This will be no mean feat. SARCorp is a massive entity involved both in hi-tech experimentation and dabbling in the occult, resulting in a steady stream of murderous thugs of various sorts opposing our progress wherever we go. Along the way we will have the pleasure of smacking down overzealous satanist monks, vicious mobsters, dumb zombies and a dazzling array of android assassins. In addition, we will often find alongside allies, who are generally quite helpful as even when they can’t shoot straight, they will at leas draw some enemies away. Their inclusion is also cool in that it greatly enhances immersion- the world of the game feels much more alive when populated by NPCs rather than being some imaginary Gehenna where the only righteous man left standing is yourself. NPCs will often engage you in dialogue, revealing subsequent goals and plot issues, and sometimes letting us increase our arsenal. Due of our character’s Terminator-meets-Saruman nature the weaponry used will be more than varied, ranging from missile launchers to fireballs; what’s more, we will also have a chance to fly about in a levitating aircar or better still, hop inside a small tank, which inevitably results in a handsome carnage of enemy infantry. And after we slaughter the corporate stormtroopers with high-velocity shells, we may jump out of the tank to harvest their souls, visible as bluish spectral phenomena hovering above dismembered corpses, which is useful for regenerating our mana. You’ll get more of this schizophrenic design as you go on, including scorching hordes of cyborgs with malevolent sorcery of yours, or peppering robed wizards with plasma blasts if you wish to. At some point we even meet a bizarre military figure with a tiger-like looks which, given that Origin also made the Wing Commander flight sim, made me think that he was some kind of fugitive Kilrathi. Pure conceptual insanity.
What is even more astonishing is that there seems to be a method in this madness and the whole thing actually fits together. Cyberpunk visuals abounds, from the neon-lit alleys of a futuristic metropolis to cold, sterile laboratories where watchful androids prowl. Many areas may feel rather generic, especially today, after many sci-fi games have followed this particular path insofar as aesthetics are concerned, yet the tedium of nondescript corridors is interrupted quite often and in a grand fashion. Highlights include a suicide run through a gang-infested slumtown, survival of the fittest in the war-torn no man’s land and the cleansing of an unholy monastery, superior firepower taking place of the more usual exorcisms. In the middle of the game we will also spend some time in the decadent metropolitan hub, where pleasures of various sort lurk around every corner. Prudently, the developers have spared us any chances at in-game carnal knowledge (perhaps because at close range characters dissolve into hideous pixel heaps- hardly titillating I presume) and thus secured a marketable rating for the game. What you can do, on the other hand, is engage in gambling- including watching urban gladiator fights.
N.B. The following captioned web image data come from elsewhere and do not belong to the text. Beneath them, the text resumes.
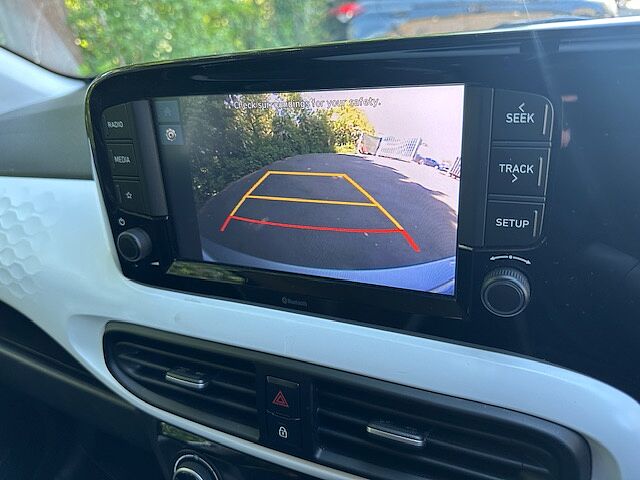 Hyundai i10 1.0 Premium 5 Door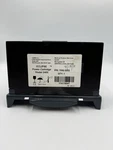 Caire Sequal Eclipse 3 & 5 Poc Oem Battery 7082-SEQ 2400 Power Cartridge. Fixed Price $164.99.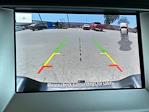 2023 Ford Ranger SuperCrew Cab 4WD Pickup for sale #P20857 - photo 19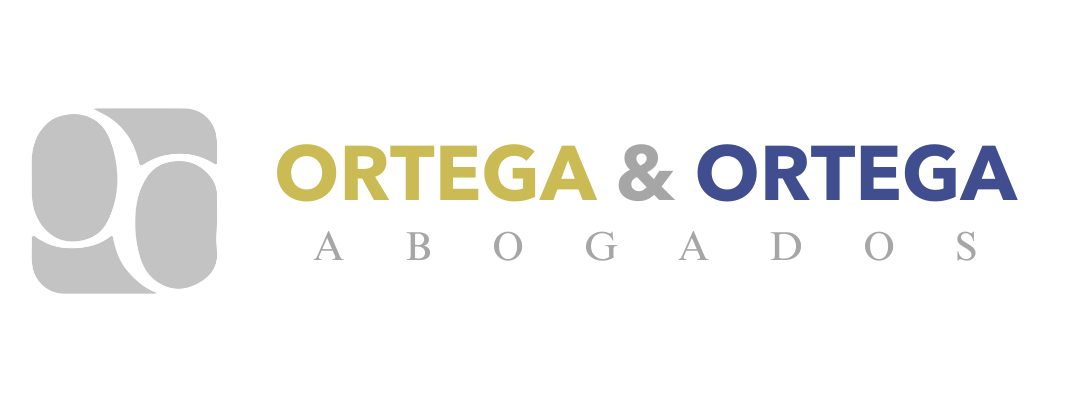 Ortega & Ortega Abogados Penalistas Ecuador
Funnily enough, it is very easy to cheat in these- just pick your man, then lob a grenade over the fence at his opponent… In any case, the feel of this part of the game is simply awesome- especially when a curfew is declared later on, visages of NeCrom on huge screens advising citizens to remain indoors… Pure genius. The cyberpunk feel does decrease a bit when we leave the neon towers and sinful streets behind and head further, yet the dark, medieval grandeur of NeCrom’s stronghold somehow manages to feel consistent with what comes earlier, even though sometimes the place feels so D&D that you may expect an goblin or two to emerge from the tunnel ahead. This part also does show that thematically the game is anything but pure, but our replicant sorcerer’s troubled transformation, megacorporate dominance and abundance of sci-fi locales and robotic foes still make for an overwhelmingly cyberpunk experience.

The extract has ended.